Lula e recaída de peão

O Brasil, escolhendo Lula para presidente da República, sabia não se tratar de homem com educação formal refinada, nem com requintes de boas maneiras. Todos sabíamos das origens humildes do torneiro mecânico e sindicalista Luiz Ignácio Lula da Silva, um lutador, líder de massas, com carisma próximo do messianismo. O Brasil votou em Lula quase que como num ato de fé e de esperança, mais levado pelo coração do que pela razão. Como, no entanto, o coração tem razões que a própria razão desconhece, o coração brasileiro acertou.

As origens sociais do presidente Lula são de uma simplicidade comovedora. E, talvez, um dos grandes erros de análise em relação ao comportamento de Lula esteja nessa confusão secular que a elite econômica e cultural brasileira faz entre classe social e casta. No Brasil, desde as capitanias hereditárias, tem valido o conceito de casta, algo que não implica mérito, mas direito adquirido por nascimento. Nascer numa casta significa herdar, sem qualquer merecimento, bens e privilégios da mesma. Classe social é diferente. Ninguém pertence a uma classe social por direito, mas como um fato dinâmico, numa estrutura de desigualdades sociais que permite mobilização, mudanças, ascensão de uma classe a outra.

Lula é um dos milhões de brasileiros que ascenderam socialmente por merecimento e por haver, neste país, uma colcha de possibilidades que continua desconhecida para os que acreditam apenas em castas, como se fosse uma determinação divina. Lula se formou na escola do povo, do sofrimento, da fome. Por isso, poucos, como ele, sabem se comunicar com o povo, sentir suas emoções e transmitir as próprias. Talvez – e isso será algum dia estudado – o grande beneficio que o presidente Lula trouxe ao Brasil esteja sendo esse da pacificação das classes sociais, a diminuição do sentimento de injustiça ou de perenidade das castas. Com Lula, o povo mais necessitado encontrou refúgio, conforto, num clima de confiança recíproca e de esperança. Há um amálgama quase que carnal entre Lula e as multidões.

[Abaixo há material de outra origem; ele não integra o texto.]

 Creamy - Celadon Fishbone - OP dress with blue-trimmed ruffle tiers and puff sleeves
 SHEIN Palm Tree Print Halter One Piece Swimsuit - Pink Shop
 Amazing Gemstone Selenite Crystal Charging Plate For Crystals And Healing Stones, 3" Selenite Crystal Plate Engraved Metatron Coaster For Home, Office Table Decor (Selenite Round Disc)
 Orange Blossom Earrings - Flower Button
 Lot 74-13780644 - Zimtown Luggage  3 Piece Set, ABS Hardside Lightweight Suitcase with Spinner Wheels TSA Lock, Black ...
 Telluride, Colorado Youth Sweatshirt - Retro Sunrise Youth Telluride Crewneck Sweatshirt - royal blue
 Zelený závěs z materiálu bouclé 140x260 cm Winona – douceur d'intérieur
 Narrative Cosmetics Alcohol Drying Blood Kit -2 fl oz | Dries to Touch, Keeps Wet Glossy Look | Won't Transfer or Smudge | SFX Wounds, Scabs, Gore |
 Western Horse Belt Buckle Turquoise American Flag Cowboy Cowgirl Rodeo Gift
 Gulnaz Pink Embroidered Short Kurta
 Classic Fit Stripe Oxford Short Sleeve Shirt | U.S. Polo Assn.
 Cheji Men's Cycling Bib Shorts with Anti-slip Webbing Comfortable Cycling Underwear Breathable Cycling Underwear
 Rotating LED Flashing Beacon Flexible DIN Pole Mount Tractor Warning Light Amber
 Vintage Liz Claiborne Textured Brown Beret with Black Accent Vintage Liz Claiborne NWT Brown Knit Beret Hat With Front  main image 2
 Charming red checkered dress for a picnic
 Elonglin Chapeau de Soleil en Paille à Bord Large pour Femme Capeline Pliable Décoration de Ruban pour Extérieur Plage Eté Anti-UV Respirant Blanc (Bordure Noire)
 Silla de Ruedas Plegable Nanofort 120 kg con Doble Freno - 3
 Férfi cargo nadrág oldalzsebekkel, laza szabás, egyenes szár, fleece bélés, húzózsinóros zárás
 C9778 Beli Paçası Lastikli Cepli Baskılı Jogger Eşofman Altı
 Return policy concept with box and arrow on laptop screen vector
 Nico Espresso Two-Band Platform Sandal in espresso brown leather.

Ocorre, porém, que ter origens humildes, nascer em família carente e sem treino para um convívio social mais refinado não implica cultivar a vulgaridade. Os pobres, se não têm requintes culturais, transudam uma nobreza humana que se irradia através da humildade, da generosidade, desse sentimento precioso que leva o nome de solidariedade, o senso de alteridade. Pessoas humildes não são vulgares. E o presidente Lula, respondendo por todo o povo brasileiro e falando em nome de todos, não tem o direito de ser vulgar ou de proclamar vulgaridades. Ele é o Chefe da Nação, o líder do povo, o exemplo maior da nacionalidade. E, além disso, Lula é, hoje, uma referência mundial, aplaudido e reverenciado em todas as partes do mundo. Tornou-se o mais popular de todos os governantes do Planeta; foi eleito o Estadista do Ano por organismos britânicos; sua voz é ouvida e sua opinião respeitada.

O presidente Lula, falando palavrões em público, num discurso para o povo, cometeu, mais do que uma falha grave e falta de educação, um atentado contra a dignidade do cargo que ocupa. Lula, um estadista, teve uma recaída de peão. Seu linguajar pode ser apropriado para festas de peões, para jogos de truco, para brincadeiras tolas de mesas de bar. Mas não pode, em nenhum momento, ser a linguagem de um presidente da República de seu porte e de sua dimensão. Nem mesmo a sua esfarrapada desculpa, uma justificativa tola – a de que jornalistas também falam palavrões – o redimiu da falta grave. Pois é óbvio que todas as pessoas são capazes de falar palavrões e muitas delas falam. Mas não em público. E nenhuma delas é Presidente da República do Brasil. Há a dignidade do cargo. “Noblesse oblige”.